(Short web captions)

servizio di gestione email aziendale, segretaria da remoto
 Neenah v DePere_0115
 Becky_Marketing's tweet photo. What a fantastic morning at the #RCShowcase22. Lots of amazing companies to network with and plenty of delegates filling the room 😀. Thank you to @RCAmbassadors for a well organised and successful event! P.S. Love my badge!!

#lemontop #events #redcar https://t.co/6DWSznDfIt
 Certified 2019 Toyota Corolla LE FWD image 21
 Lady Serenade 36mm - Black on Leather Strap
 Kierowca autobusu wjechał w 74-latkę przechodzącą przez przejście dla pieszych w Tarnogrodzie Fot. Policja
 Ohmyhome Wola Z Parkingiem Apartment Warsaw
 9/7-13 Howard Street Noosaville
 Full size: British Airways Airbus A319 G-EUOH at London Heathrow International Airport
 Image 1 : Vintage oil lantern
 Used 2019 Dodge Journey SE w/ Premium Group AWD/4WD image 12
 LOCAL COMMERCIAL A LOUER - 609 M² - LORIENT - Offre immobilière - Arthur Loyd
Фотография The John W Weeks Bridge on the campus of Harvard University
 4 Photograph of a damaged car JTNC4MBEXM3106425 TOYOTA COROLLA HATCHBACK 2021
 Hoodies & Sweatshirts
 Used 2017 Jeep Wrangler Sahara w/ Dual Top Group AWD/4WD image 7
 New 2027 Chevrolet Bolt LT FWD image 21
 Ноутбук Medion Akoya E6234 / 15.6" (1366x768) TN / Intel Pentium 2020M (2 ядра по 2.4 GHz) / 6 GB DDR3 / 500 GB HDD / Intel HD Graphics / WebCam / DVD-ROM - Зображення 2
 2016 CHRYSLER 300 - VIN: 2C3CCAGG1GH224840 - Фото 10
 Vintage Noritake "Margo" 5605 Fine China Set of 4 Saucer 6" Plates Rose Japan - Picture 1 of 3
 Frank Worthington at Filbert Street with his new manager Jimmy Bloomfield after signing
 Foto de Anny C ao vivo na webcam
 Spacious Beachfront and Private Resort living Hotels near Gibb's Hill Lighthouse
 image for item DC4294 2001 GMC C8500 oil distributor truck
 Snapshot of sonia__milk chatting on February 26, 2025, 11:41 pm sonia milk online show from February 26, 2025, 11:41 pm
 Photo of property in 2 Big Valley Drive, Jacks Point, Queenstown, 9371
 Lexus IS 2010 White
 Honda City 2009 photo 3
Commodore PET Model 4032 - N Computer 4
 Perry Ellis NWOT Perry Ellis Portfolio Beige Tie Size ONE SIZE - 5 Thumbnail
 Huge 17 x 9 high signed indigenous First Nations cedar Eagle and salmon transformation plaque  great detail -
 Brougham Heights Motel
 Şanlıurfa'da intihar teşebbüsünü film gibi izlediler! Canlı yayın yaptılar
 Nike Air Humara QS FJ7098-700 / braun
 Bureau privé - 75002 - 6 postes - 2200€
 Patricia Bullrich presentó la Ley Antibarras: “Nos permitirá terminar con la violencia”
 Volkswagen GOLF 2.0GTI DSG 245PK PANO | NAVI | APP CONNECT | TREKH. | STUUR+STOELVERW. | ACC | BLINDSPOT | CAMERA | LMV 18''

Work order » Only certain lines are wanted. Please return exactly those from the top of the data through the line with "Kierowca autobusu wjechał".

Written response »
servizio di gestione email aziendale, segretaria da remoto
 Neenah v DePere_0115
 Becky_Marketing's tweet photo. What a fantastic morning at the #RCShowcase22. Lots of amazing companies to network with and plenty of delegates filling the room 😀. Thank you to @RCAmbassadors for a well organised and successful event! P.S. Love my badge!!

#lemontop #events #redcar https://t.co/6DWSznDfIt
 Certified 2019 Toyota Corolla LE FWD image 21
 Lady Serenade 36mm - Black on Leather Strap
 Kierowca autobusu wjechał w 74-latkę przechodzącą przez przejście dla pieszych w Tarnogrodzie Fot. Policja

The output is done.